ROMA A sera, quando i delegati hanno lasciato ormai da ore l’hotel a due passi da Villa Borghese, la parola scissione non è più un tabù tra i dem. Le truppe di Emiliano, Rossi e Speranza sono pronte a ufficializzare lo strappo dal Pd renziano. In settimana, con molta probabilità, arriveranno i gruppi parlamentari. Per ora il pallottoliere dice 40 alla Camera (compresi gli ex Sel), tra i 10 e i 15 al Senato. Alla presenza di Emiliano (mai dare per certe le mosse del governatore pugliese) sono legate altre sorprese numeriche. Il tormento dell’ex magistrato si chiama D’Alema, l’avversario con cui Emiliano ha combattuto in passato un’aspra guerra. Nella minoranza, però, fanno notare che questo non è il tempo dei risentimenti. E per questo si lavora alla costruzione di gruppi parlamentari più ampi possibili. Gruppi dove potrebbe trovare posto pure Alfredo D’Attorre, l’ex commissario del Pd calabrese. Non è un caso che al congresso di Sinistra Italiana, a Rimini, il deputato eletto in Calabria abbia presentato un ordine del giorno (poi bocciato) in cui chiedeva di «congelare» la fase costituente in attesa di vedere cosa decideranno Renzi e compagni.

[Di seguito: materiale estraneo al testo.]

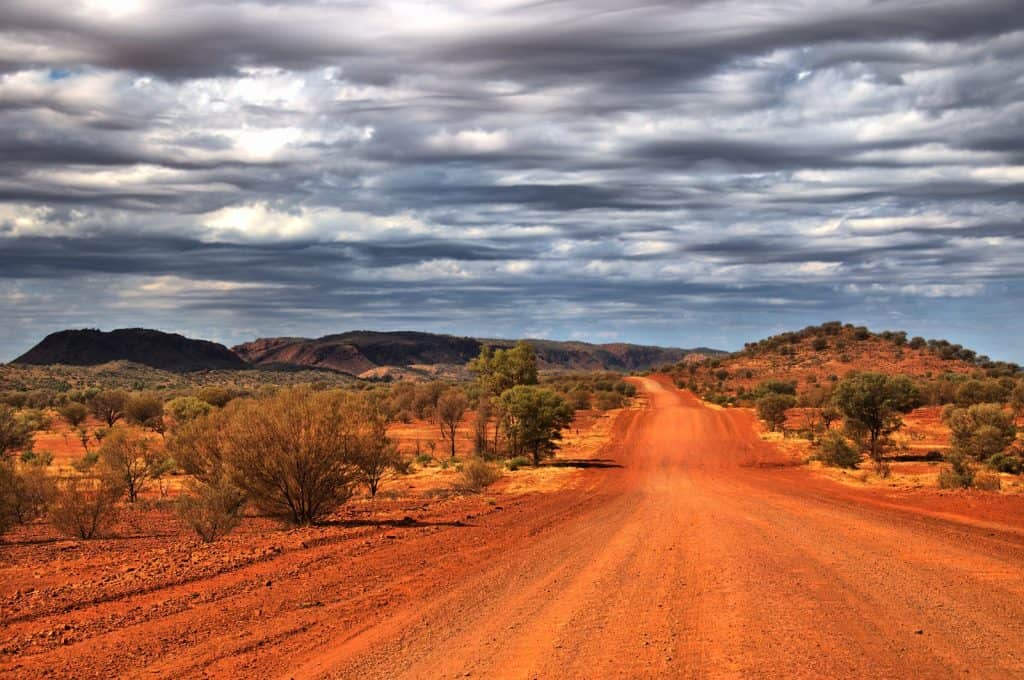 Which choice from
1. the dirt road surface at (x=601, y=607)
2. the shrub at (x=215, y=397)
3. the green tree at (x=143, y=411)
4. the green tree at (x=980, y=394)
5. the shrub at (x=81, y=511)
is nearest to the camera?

Consumato lo strappo, per gli scissionisti guidati da Bersani e D’Alema si apre il problema della prospettiva politica. Da Rimini il neosegretario di Si Nicola Fratoianni fa capire che un’intesa è possibile solo staccando la spina al governo Gentiloni: «Se si produce una rottura nel Pd e si produce una rottura anche in Parlamento con nuovi gruppi parlamentari con cui voglio interloquire, questi nuovi gruppi alla prima fiducia sul governo Gentiloni cosa faranno? Quando arriverà in aula il decreto Minniti sulla sicurezza lo voteranno? Perché se lo faranno, la nostra interlocuzione con loro è già finita».
Insomma, sarà il provvedimento-monstre del ministro calabrese dell’Interno il primo banco di prova per valutare la fedeltà degli anti-Renzi al governo. E sarà importante capire come si regoleranno, al momento del voto in Aula, di fronte a un provvedimento che ha fatto breccia nel muro delle opposizioni, i calabresi Nico Stumpo e Doris Lo Moro.
Quanto ai fedelissimi del segretario dimissionario, c’è euforia per l’esito dell’assemblea nazionale. Il percorso congressuale è ormai avviato e da qui a maggio verrà completamente riscritta la geografia dem. L’obiettivo numero uno dei colonnelli calabresi è quello di guadagnare una candidatura in posizione vantaggiosa, meglio ancora in una delle caselle blindate previste dall’attuale legge elettorale.
Non esultano e nemmeno si stracciano le vesti, invece, gli autonomisti calabresi. Mario Oliverio preferisce mantenere un basso profilo e spera, in cuor suo, di raccogliere qualche frutto dallo scontro che si sta consumando ai piani alti. La nomina a commissario alla sanità è sempre in cima alla lista dei suoi desideri. Ma non è detto che l’atteggiamento da “pesce in barile” possa essere alla fine quello vincente.